Last week, the Insurance Institute for Highway Safety announced its 2010 Top Safety Picks and the results surprised many. A newly added roof-strength test, which measures protection in a rollover, filtered the list from 94 picks in 2009 to only 27 for the 2010 model year.
In the roof-strength test, a metal plate is pushed against one side of a vehicle’s roof at a constant speed. To earn the highest rating of Good, the roof must withstand a force that’s four times the vehicle's weight before reaching 5 inches of crush.
So, what happened? Why were trucks dropped from the list? Did they all fail the new test, including the previous winners? We asked Russ Rader, IIHS spokesman, for an explanation.
“We didn’t test any trucks,” Rader said last week. “We sent notice back in January to all the manufacturers that the roof-strength test was going to be added this year. Since the new test is outside the usual test schedule for trucks, we asked manufacturers to flag the vehicles they wanted to include [in this year’s Top Safety Pick awards]. We’d purchase the vehicles for the testing, and the manufacturers would have to reimburse. Ford, Honda and Toyota didn’t flag their trucks – though Ford flagged other vehicles - so we didn’t test them.”
Why wouldn’t Ford, Honda and Toyota want their trucks tested before IIHS gets around to them in the next round of scheduled testing? We asked each of the manufacturers for their reasons.
“The F-150 and Ranger pickups already exceed government [roof-crush standards] that go into effect in a few years,” said Wes Sherwood, Ford’s safety communications manager. “The National Highway Traffic Safety Administration found that 99% of belted vehicle occupants do not suffer injuries from rollovers where they contact the roof. Most injuries are to unbelted occupants.”

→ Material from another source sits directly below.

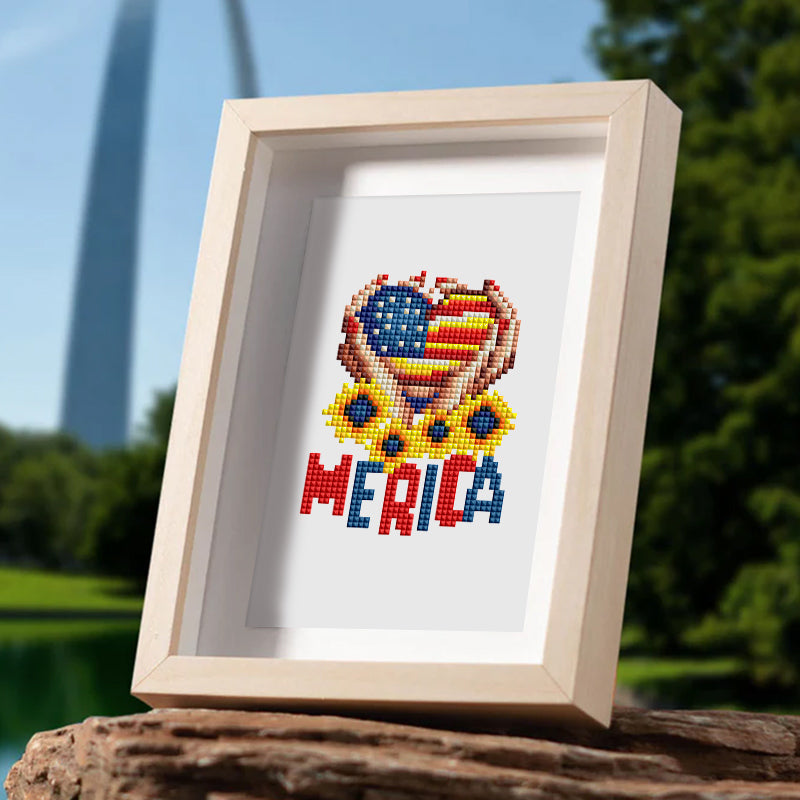 Framed heart-shaped USA flag diamond art displayed outdoors — patriotic decoration idea for summer celebrations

Sherwood also highlighted that the Ranger and F-150 offer standard roll stability control and side-impact airbags to improve occupant safety. In 2009, Ford also re-engineered the F-150’s roof with high-strength steel and tubular construction that runs from the base of the A-pillar up through the roof, forming a safety cage around the truck’s occupants.
“We expect that the Ranger and F-150 will perform competitively with the other trucks in their segments when they’re finally tested by the IIHS,” Sherwood said.
Honda spokesman Chris Martin provided the following prepared statement about this year’s IIHS testing:
“American Honda Motor Co. Inc. has long provided vehicles that are at the forefront of passive and active safety technology. Under the previous Insurance Institute criteria, nine 2009 Honda models and all five 2009 Acura vehicles achieved Top Safety Pick ratings -- the most of any automaker. As a result of IIHS adding the stringent new roof-crush test to their Top Safety Pick criteria, the Honda Civic and Element are the only 2010 models we produce that earn that designation. Our vehicles continue to provide the same high levels of real-world safety as they did before IIHS changed their testing. This will be just as true when NHTSA changes their five-star rating system in the 2011 model year. Safety continues to be a top priority for American Honda.”
Of the three manufacturers – actually, out of all the vehicle manufacturers tested - Toyota was the most vocal in stating its opinion and position of this year’s test results. None of its vehicles made the cut for a 2010 Top Safety Pick.
"IIHS' statement that Toyota was shut out for 2010 is extreme and misleading, considering there are 38 Toyota, Lexus and Scion models, and only three were tested for roof strength by IIHS: Camry, RAV4 and Yaris," said Toyota's prepared statement on its media website. "This is the first year IIHS has included its own roof-strength tests, which exceed federal standards, for TSP consideration. All Toyota vehicles meet or exceed federal safety standards for frontal- and side-impact, roof-crush resistance and rollover protection."
Rader responded to this statement by saying “Asking companies to flag certain vehicles isn’t new. We can only assume that manufacturers that did flag their vehicles were confident they’d pass the testing.”
It’s only a matter of time before almost every pickup is tested through the course of IIHS’ normal schedule. Midsize and compact trucks are starting the process and results for that segment are expected to be available by late December.